Exercise inputs:
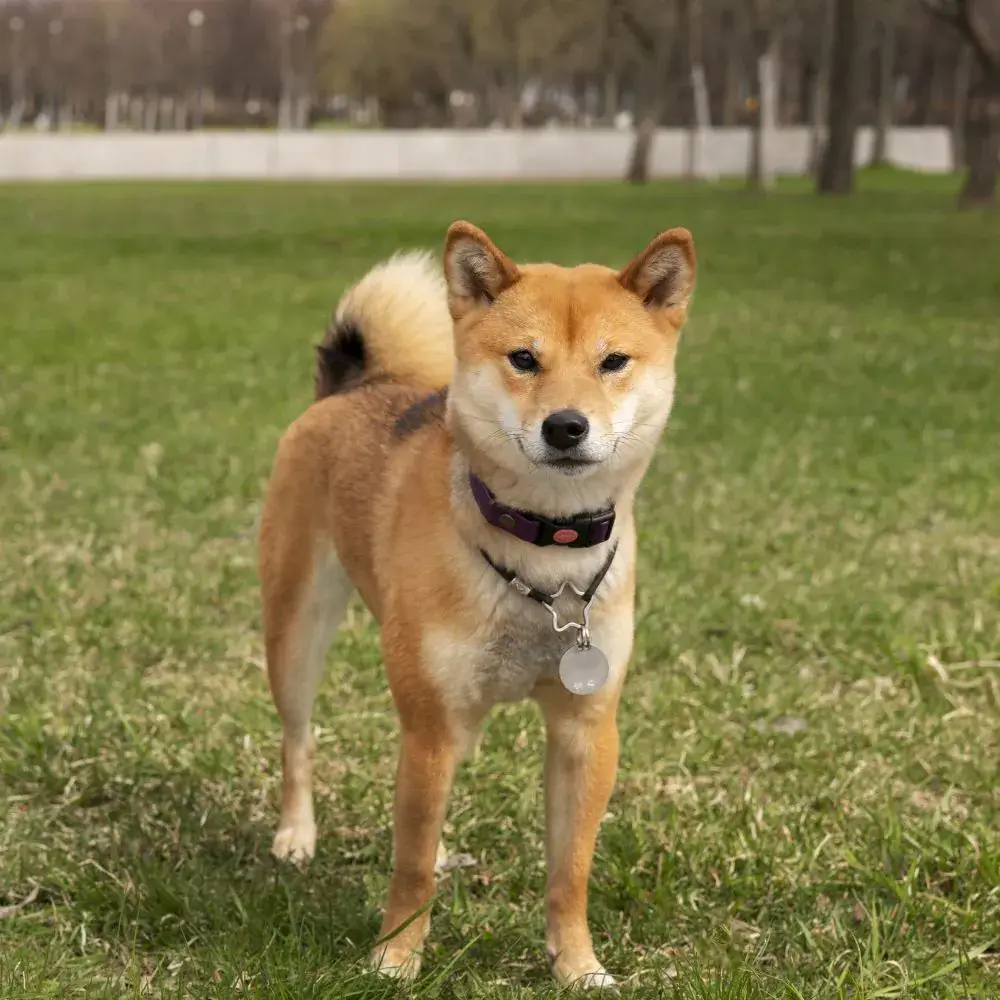 柴犬特點示意圖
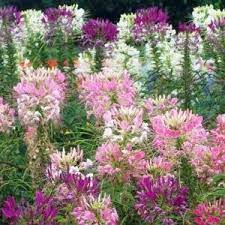 Pin On Amores Del Alma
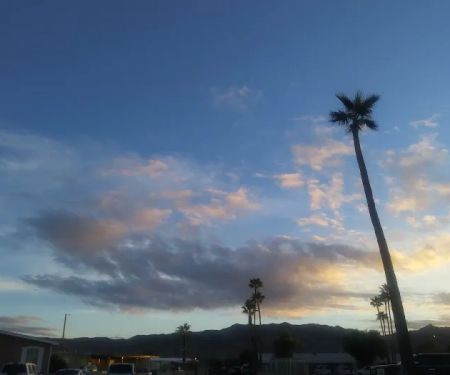 Countryside Mobile Home Park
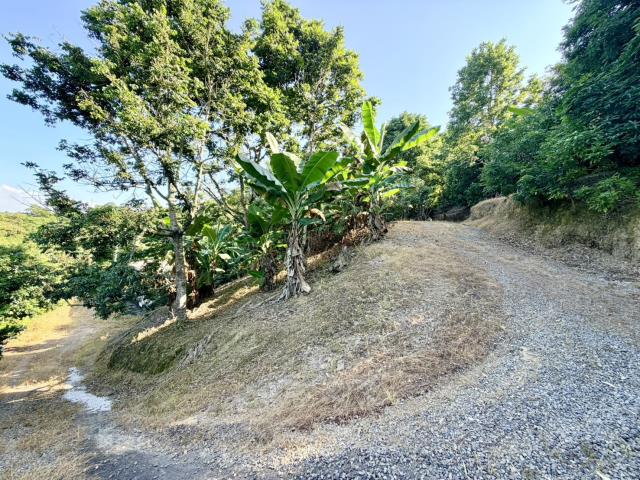 南投農地-2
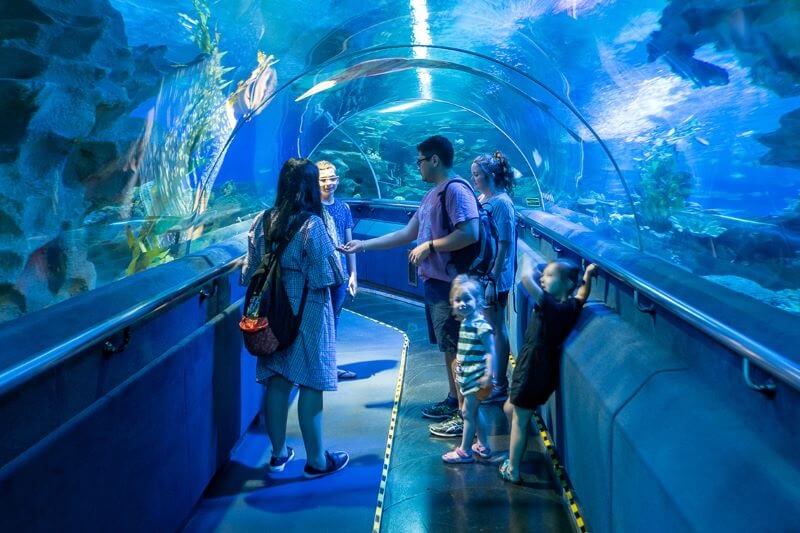 Thuỷ cung Aquaria KLCC ở Malaysia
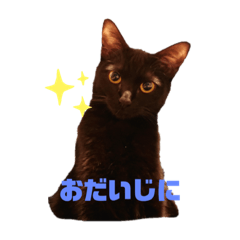 [LINEスタンプ] 大人気クロネコのはなちゃん実写版スタンプ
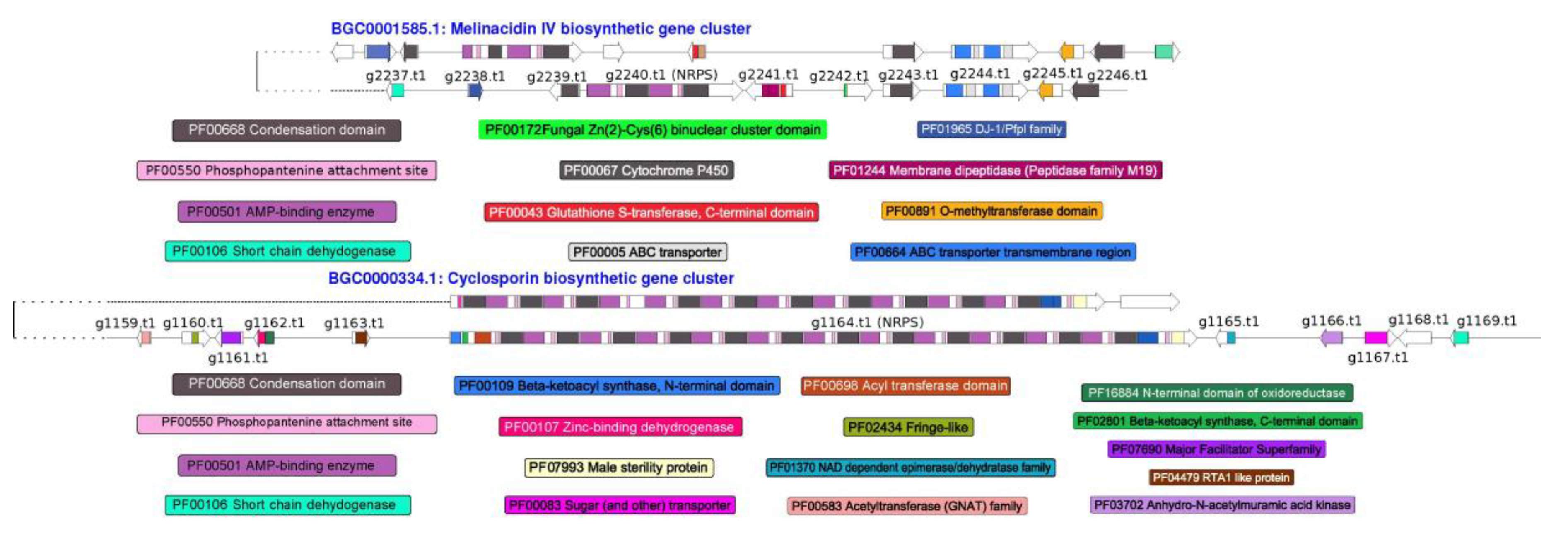 Microorganisms 08 01258 g004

Activity: Output a verbatim copy of the lines from the line containing "Countryside Mobile Home Park" through the end of the data, both included, without any images.

Result for this exercise:
 Countryside Mobile Home Park
 南投農地-2
 Thuỷ cung Aquaria KLCC ở Malaysia
 [LINEスタンプ] 大人気クロネコのはなちゃん実写版スタンプ
 Microorganisms 08 01258 g004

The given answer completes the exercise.